So the principals and/or why:

  • Have fun learning and building something that has no affiliation to anything commercial
  • Easy and fun to engineer pipelines
  • Can be used in spark everywhere
  • Bar landing the data in the cloud spark is all I need
  • Excellent metadata configuration – simple, full featured and minimal
  • No data loading anti-patterns resulting from poorly designed re-use and metadata
  • Can be called if desired seamlessly from any workflow tool integrating transparent lineage
  • Fully testable locally and remotely
  • Support batch but streaming is the future – once only streaming is the new batch!
  • Support datalake house add-on’s – not just delta lake but also hudi and potentially others

Features:

  • Declarative
  • Flexible
  • Behavior Driven Test Data Validation – is the data semantically correct
  • Engineering Test Framework – do my pipelines fail
  • Data Validation – what’s the quality of my data
  • Fully Featured Workflow Engine – for complex use cases
  • Full Data Lineage – processing dependencies and composition dependencies

I’ve started on few projects. Lots of thought, up skilling and thinking but it’s starting to pull together into something that could work; albeit with a lot more work. They’re a bit databricksy but that needs to change I think; probably ok to have extensions to databricks but I want it to valuable for plain old spark too:

Azure Databricks – Notebook or Not To Notebook

That; is the question!

There’s the plenty of standard reasoning about of when to utilize notebooks and when not to… e.g. notebooks are better for collaboration, experimentation, data visualization etc… conversely an IDE is for richer more professional approach to building software etc…

However there are some very specific things consider particularly with Databricks on Azure. In addition to the usual stuff…. here’s my considerations…

Though, remember there is no best practice, even as the tech gets better there’s always a… well it depends!

Databricks Connect Isn’t All Roses

So whilst a hard core software engineer may argue the use a professional IDE. Productivity is better and testing is better blah blah blah… here’s the thing.

Databricks connect runtime version releases can lag by about 6 months. This cuts down the LTS 2 year period. Although this seems to be getting better very recently. This prevents you from making the most of new features and provides a smaller window to keep on top of versioning. OK so what you’re not on the latest version; but at the moment the latest version matters because it’s maturing fast and there are some pretty fundamental features rolling out that could make or break it in your organisation.

Testing is Still Problematic

CI testing is still tricky… basically because your build agent isn’t a spark cluster! Also some things like DBUtils don’t have full parity amongst the many ways of referencing it or using it both locally and cluster side. Even more problematic is that some features need a short lived security token that can only be setup interactively and therefore can’t be automated at all.

1st World Problems

Ok so it’s a pain in the butt.
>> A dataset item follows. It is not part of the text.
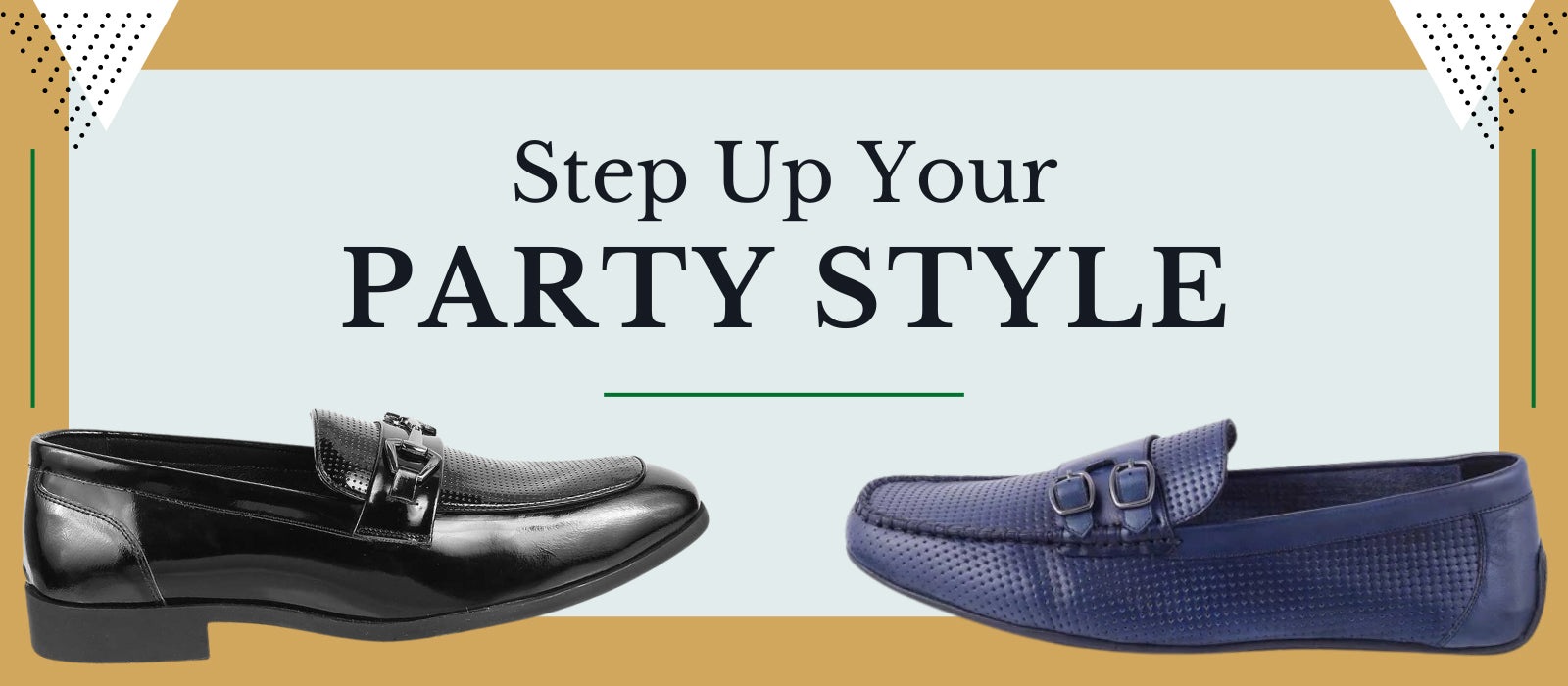 Must-Have Party Wear Shoes For Men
So should we just say it’s crap and not use it…. No because of all the well known benefits of working this way:

  • Testing is better
  • Productivity is better
  • Versioning is easier
  • Git integration is leaps ahead
  • A country mile less clunky
  • All the great software engineering reasons

For all it’s difficulty and specialism, it’s not really that hard and orders of magnitude easier than running your own spark cluster or trying to load (and reload) a terabyte data warehouse with an on-premise SQL Server with nothing but a SQL editor… for those that remember. Whinging that Databricks Connect is hard are 1st world problems.

The Scourge of Notebooks

When we’re done chasing data scientists and their notebooks around with pitch forks and fire torches it’s wise to take a closer look at some of the features and why still (well at least me) use them in production data engineering deployments.

The Human Touch

Provisioning tools such Azure Data Factory, jobs and alerts provide a click through URL to the history of notebook execution. This makes for great self documenting pipelines and also a providing instant click through to production job exceptions, code and data for troubleshooting and investigation.
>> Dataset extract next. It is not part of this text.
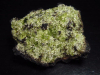 Olivin / Peridot Stufe 65 mm - Lanzarote, Spanien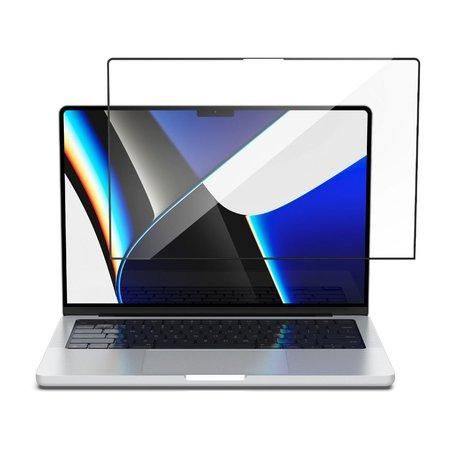 Spigen ochranné sklo Glas.tR Slim pre Macbook Pro 14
Hugely useful for operational support…. since you can click through from a failed Azure Data Factory pipeline and jump straight into troubleshooting data and issues at the point of exception.

Again for debugging and support reasons… human reasons. Some of the display options in notebooks for showing metadata, configuration, test, dataops and reconciliation reporting is again massively useful. Particularly sharing the burden of reconciliation reviews and data ops validations with less technical data savvy people.

Data visualizations can be useful for pipeline health and metrics and it works well having it available as part of the pipeline. A common approach is to feed these to a BI or operational reporting tool. This requires extra infra and work that is commonly not a sponsored by the business or product owners. But since we’re engineers the notebook visual reporting is fine, there for the taking and hugely convenient.

Streaming Is Tricky

Streaming can be complex during development, testing and support. Streaming isn’t that common to come across but when you’re working with debugging and troubleshooting the notebook features that come with structured streaming in Databricks is invaluable.

Better Together

So here’s some tips for making the best of both…

Databricks Connect & Libs

Build discrete deployable units of code that separate the concerns of your data architecture where re-usability generics help. Code libs in an IDE that assist with metadata driven ETL, workflow, testing frameworks, alerting, exception handling, dataops, feature stores and support functions but not the actual data pipeline provisioning and not the specifics of transforms.

i.e. The framework code that doesn’t hugely rely on having the full punch of spark compute, is testable and easy to develop without needing a full a spark cluster in tow. Also look at leveraging a local spark install where you can get away with it.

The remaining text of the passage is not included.